Records shown:
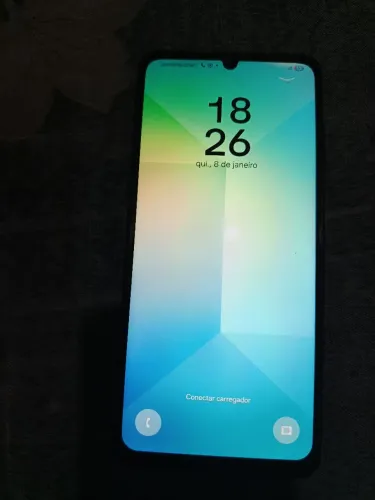 Vendo celular Samsung a06 128 gigas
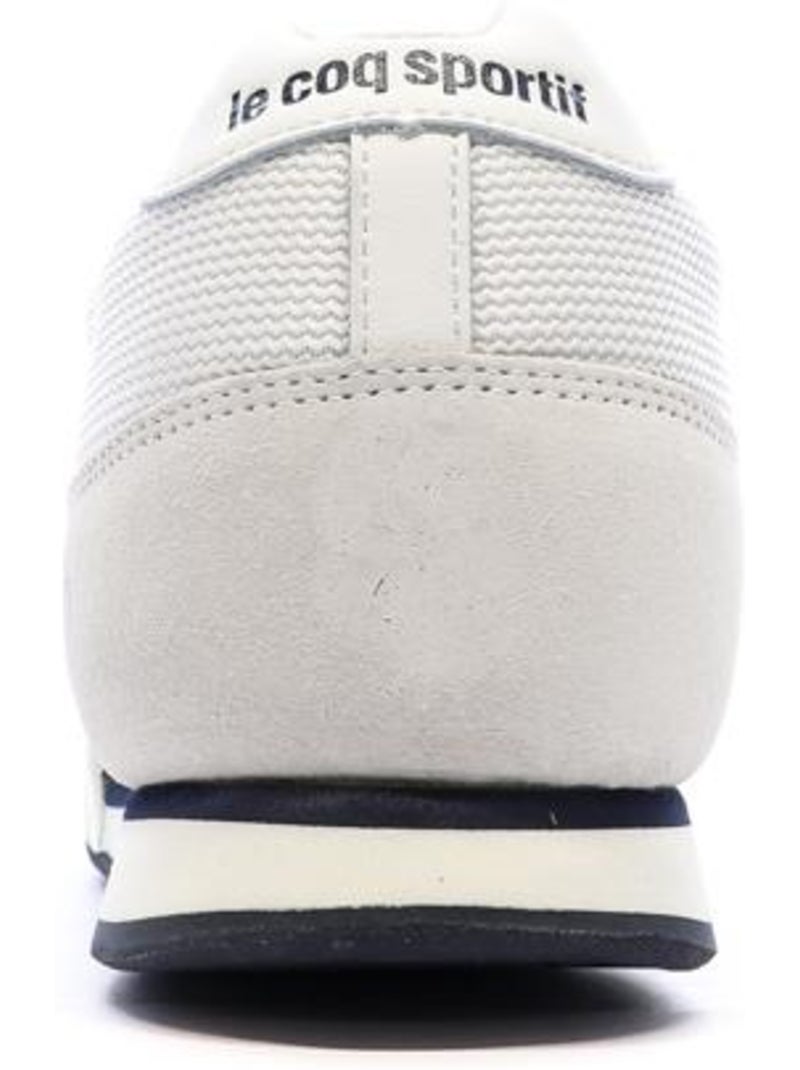 Baskets homme le coq sportif Blanc - Kiabi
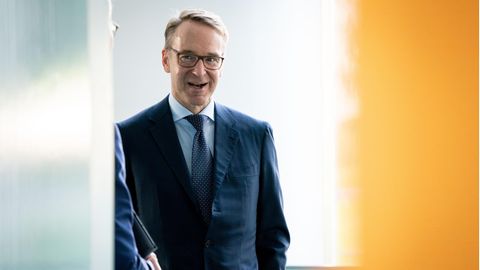 Jens Weidmann
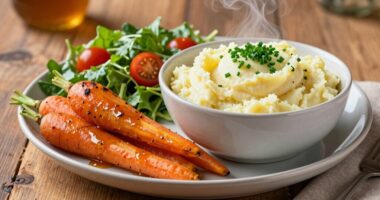 healthy twists on classics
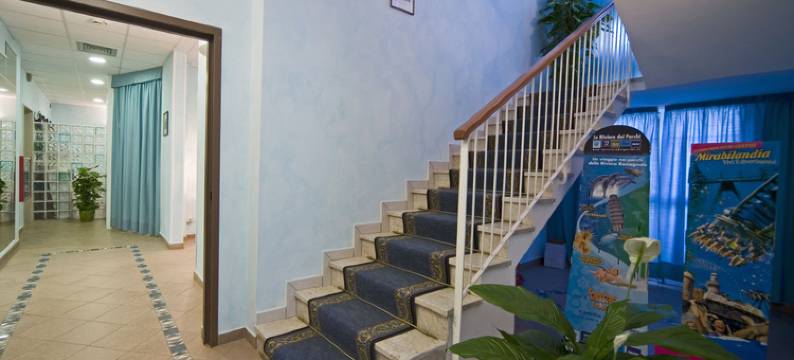 萨维娜酒店(Hotel Savina)图片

Exercise aim:
Please output, exactly and with no pictures, only the lines from the one containing "Jens Weidmann" through the final line of the records above.

Solution to this exercise:
 Jens Weidmann
 healthy twists on classics
 萨维娜酒店(Hotel Savina)图片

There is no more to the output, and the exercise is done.